March 28, 2018
PENTAGON — Efforts to bolster Afghanistan’s armed forces, along with an increased use of American air power, seem to be doing little to change the country’s reputation as a magnet for foreign fighters and jihadists.
Afghan officials have been warning for months about the flow of 3,000 foreign fighters, many of whom had been coming from Pakistan and Uzbekistan to join the Islamic State terror group’s Afghan affiliate, IS-Khorasan.
Now, officials are warning of a new surge of jihadists, many coming to Afghanistan from places like Iraq and Syria via routes that lead through Pakistan.
“There has been a growth in the number of the foreign fighters in the country,” Afghan National Security Adviser Mohammad Hanif Atmar said during a visit to Washington last week. “We’re talking about hundreds of them coming from the Middle East through Pakistan, and other regional groups.”

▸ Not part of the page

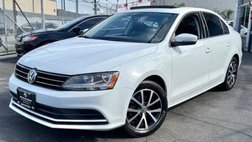 2017 Volkswagen Jetta 1.4T SE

Afghan and Western officials say that while precise numbers are hard to come by, unlike before, the fighters are not focused only on joining IS.
Many are flocking to other terror groups operating within Afghanistan’s borders, including al-Qaida, the Islamic Movement of Uzbekistan, the Eastern Turkistan Islamic Movement, Lakshar-e-Taiba and Jaish-e-Mohammad.
Afghan officials worry this current influx is helping to create a changing dynamic in which these terror organizations are forging new ties with each other and the Taliban, allowing them to collectively benefit, even as they compete for people and resources.
“They have a symbiotic relationship with the Taliban, and the Haqqani and the drug networks,” Atmar said.
“The foreign fighters need Taliban as their local host and protector,” he added. “And the Taliban need them for their knowledge, their expertise and their resources.”
Pakistan’s counterterror role
Atmar and other officials believe Pakistan could help reduce the problem if officials in Islamabad choose to help.
“There will be no foreign fighters without Taliban in Afghanistan and there will be no Taliban insurgency without sanctuaries in Pakistan,” the Afghan national security adviser said. “So, we need to see some action.”
Pakistan, though, has been pushing back.
“[Nearly] half of the country is a safe haven,” Pakistani Defense Minister Khurram Dastgir said of Afghanistan, in an exclusive interview with VOA this week.
“You don’t control 45 percent of Afghanistan and don’t know what is going on there, who is there, who is moving in and out of that safe haven, but you keep blaming us,” Dastigir said.
U.S. officials say Pakistan has been somewhat more helpful when it comes to terrorism since President Donald Trump unveiled his South Asia strategy, freezing nearly $2 billion in aid unless Islamabad took more decisive action against terrorists operating along the border with Afghanistan.
But U.S. officials say they are still looking for more to be done, especially when it comes to Islamic State-Khorasan.
“These IS-K fighters are primarily Pakistani Pashtun,” General John Nicholson, the commander of U.S. Forces-Afghanistan, said in a statement last week.
Fighters flocking to Jowzjan
One area of ongoing concern for U.S. military officials has been Afghanistan’s northern Jowzjan province, a remote area where IS has been relocating fighters from Pakistan and from the Islamic Movement of Uzbekistan.
IS fighters from places like Tajikistan and Chechnya, as well as some from as far away as France and Sudan, also have been flocking to the area despite U.S. efforts to disrupt the group’s operations there.
According to Afghan security officials, at least 80 IS foreign fighters are in custody, with discussions underway about whether they should be kept in Afghanistan or returned to their countries of origin.
Making counterterrorism efforts much more difficult have been the deep ties many of the terror groups have forged with drug traffickers.
“They are all drawing on the criminalized economy,” said Afghanistan’s Atmar. “The drug networks need them. They need the drug income.”
According to U.S. military officials, the Taliban alone are bringing in an estimated $200 million a year from drugs.
Afghan officials also suspect terrorists may be getting help from countries in the region and beyond.
They accuse Russia, in particular, of trying to strengthen some terrorist groups in order to weaken others, while peddling false narratives — allegations Moscow denies.
“We also get concerned when they [Russia] claim there are U.S., NATO, Afghan unmarked helicopters bringing so-called Daesh from the south or even the tribal areas of Pakistan to the north of the country,” Atmar said, using an Arabic acronym for Islamic State.
Ayaz Gul in Islamabad contributed to this report.